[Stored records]
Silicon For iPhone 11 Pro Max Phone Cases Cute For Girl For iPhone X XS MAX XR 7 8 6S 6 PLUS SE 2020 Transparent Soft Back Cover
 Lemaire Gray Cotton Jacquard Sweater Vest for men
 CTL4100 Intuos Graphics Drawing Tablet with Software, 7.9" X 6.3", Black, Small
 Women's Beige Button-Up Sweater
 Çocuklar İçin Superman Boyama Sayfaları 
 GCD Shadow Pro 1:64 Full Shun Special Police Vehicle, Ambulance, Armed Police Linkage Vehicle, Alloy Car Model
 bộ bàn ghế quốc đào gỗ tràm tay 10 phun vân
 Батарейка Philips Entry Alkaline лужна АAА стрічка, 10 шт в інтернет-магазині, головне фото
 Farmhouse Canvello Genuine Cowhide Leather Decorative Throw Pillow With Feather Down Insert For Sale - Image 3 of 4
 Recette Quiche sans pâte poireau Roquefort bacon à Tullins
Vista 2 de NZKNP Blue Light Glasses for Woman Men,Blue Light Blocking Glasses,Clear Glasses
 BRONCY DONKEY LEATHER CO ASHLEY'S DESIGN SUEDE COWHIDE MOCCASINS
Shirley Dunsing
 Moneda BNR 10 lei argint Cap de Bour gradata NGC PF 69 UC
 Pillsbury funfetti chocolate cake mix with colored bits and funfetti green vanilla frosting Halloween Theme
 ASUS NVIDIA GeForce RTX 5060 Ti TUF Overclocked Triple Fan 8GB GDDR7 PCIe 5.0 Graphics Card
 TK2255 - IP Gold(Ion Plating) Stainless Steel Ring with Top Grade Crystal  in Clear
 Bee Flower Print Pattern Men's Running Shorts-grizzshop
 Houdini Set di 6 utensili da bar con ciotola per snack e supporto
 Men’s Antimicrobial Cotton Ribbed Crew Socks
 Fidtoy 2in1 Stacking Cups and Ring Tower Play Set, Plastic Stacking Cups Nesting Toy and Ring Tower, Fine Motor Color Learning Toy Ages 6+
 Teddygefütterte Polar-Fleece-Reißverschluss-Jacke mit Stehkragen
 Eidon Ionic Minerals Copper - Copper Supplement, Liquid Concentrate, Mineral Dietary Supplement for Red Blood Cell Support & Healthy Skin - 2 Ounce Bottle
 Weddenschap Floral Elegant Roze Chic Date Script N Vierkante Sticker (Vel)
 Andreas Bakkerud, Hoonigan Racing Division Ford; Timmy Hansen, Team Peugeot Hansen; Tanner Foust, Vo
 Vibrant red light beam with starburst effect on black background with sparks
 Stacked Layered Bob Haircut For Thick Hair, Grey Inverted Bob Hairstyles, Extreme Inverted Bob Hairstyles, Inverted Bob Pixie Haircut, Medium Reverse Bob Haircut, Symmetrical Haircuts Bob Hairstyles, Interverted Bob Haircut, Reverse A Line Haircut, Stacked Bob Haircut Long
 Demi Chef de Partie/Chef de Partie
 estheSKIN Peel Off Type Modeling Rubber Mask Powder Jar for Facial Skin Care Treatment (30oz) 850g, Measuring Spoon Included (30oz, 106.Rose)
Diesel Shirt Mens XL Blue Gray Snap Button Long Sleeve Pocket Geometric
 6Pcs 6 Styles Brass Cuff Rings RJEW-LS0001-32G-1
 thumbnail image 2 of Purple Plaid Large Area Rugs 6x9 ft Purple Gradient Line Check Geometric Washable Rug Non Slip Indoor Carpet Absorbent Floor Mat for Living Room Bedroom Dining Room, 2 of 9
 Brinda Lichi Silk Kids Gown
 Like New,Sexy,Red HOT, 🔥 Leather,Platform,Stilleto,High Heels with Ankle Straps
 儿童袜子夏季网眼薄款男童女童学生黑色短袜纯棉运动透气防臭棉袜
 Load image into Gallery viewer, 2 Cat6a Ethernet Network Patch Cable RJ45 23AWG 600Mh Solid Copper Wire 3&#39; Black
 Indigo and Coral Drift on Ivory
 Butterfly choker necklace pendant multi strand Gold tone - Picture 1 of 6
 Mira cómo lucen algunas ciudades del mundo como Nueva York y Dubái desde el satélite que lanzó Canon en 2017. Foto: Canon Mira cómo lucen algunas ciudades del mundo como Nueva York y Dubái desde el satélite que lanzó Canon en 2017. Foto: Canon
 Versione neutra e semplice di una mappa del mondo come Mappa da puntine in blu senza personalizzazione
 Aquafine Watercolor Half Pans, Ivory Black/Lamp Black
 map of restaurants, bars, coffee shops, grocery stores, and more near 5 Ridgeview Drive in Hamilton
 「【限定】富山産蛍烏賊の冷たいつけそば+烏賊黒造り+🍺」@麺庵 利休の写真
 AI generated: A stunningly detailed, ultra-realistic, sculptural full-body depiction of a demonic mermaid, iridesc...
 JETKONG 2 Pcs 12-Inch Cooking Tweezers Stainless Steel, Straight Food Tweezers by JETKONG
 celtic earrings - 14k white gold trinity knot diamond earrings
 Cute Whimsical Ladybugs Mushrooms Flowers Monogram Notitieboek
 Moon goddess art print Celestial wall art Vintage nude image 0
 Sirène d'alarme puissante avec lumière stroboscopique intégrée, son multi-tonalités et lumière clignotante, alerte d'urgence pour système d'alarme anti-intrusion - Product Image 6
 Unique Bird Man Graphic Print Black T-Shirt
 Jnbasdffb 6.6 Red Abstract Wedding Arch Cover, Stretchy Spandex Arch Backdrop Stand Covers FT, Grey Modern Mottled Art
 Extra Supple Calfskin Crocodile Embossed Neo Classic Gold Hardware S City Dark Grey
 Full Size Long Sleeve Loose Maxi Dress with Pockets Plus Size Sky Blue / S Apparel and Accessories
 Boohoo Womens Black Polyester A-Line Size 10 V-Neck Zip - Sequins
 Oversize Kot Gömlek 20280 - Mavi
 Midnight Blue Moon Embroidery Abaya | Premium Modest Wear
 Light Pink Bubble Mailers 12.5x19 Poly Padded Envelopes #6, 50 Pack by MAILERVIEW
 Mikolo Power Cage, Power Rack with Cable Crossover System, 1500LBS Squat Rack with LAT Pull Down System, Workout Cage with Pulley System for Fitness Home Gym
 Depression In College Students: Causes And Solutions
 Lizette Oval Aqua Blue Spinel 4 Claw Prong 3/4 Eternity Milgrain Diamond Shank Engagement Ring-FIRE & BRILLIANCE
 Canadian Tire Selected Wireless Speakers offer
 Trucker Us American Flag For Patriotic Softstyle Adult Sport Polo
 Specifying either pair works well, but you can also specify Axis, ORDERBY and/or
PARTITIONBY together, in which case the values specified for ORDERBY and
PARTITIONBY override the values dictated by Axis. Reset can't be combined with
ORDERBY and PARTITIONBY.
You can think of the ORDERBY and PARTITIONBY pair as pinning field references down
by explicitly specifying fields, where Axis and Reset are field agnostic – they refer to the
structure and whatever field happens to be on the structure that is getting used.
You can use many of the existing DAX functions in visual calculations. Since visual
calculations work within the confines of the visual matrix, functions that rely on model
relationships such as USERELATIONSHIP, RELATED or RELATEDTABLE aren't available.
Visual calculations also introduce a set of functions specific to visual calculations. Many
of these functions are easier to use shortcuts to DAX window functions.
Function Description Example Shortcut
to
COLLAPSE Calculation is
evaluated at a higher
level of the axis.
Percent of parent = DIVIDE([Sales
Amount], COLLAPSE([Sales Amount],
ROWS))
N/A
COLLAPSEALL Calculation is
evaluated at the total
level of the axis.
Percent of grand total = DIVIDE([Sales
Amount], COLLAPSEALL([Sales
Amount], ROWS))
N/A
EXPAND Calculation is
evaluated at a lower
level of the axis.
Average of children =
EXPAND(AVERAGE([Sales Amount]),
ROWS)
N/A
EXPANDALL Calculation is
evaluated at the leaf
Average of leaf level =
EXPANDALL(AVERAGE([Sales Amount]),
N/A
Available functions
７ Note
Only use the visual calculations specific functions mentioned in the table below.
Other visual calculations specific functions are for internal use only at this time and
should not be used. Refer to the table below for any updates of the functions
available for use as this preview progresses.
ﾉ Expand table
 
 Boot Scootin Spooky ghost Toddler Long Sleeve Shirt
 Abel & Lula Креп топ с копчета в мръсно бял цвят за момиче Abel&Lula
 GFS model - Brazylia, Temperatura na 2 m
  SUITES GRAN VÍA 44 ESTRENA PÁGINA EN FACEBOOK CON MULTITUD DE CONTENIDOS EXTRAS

» Your goal:
From the line holding "ASUS NVIDIA GeForce" to the line holding "Andreas Bakkerud, Hoonigan", inclusive, restate each line above exactly as written.

» Exercise result:
 ASUS NVIDIA GeForce RTX 5060 Ti TUF Overclocked Triple Fan 8GB GDDR7 PCIe 5.0 Graphics Card
 TK2255 - IP Gold(Ion Plating) Stainless Steel Ring with Top Grade Crystal  in Clear
 Bee Flower Print Pattern Men's Running Shorts-grizzshop
 Houdini Set di 6 utensili da bar con ciotola per snack e supporto
 Men’s Antimicrobial Cotton Ribbed Crew Socks
 Fidtoy 2in1 Stacking Cups and Ring Tower Play Set, Plastic Stacking Cups Nesting Toy and Ring Tower, Fine Motor Color Learning Toy Ages 6+
 Teddygefütterte Polar-Fleece-Reißverschluss-Jacke mit Stehkragen
 Eidon Ionic Minerals Copper - Copper Supplement, Liquid Concentrate, Mineral Dietary Supplement for Red Blood Cell Support & Healthy Skin - 2 Ounce Bottle
 Weddenschap Floral Elegant Roze Chic Date Script N Vierkante Sticker (Vel)
 Andreas Bakkerud, Hoonigan Racing Division Ford; Timmy Hansen, Team Peugeot Hansen; Tanner Foust, Vo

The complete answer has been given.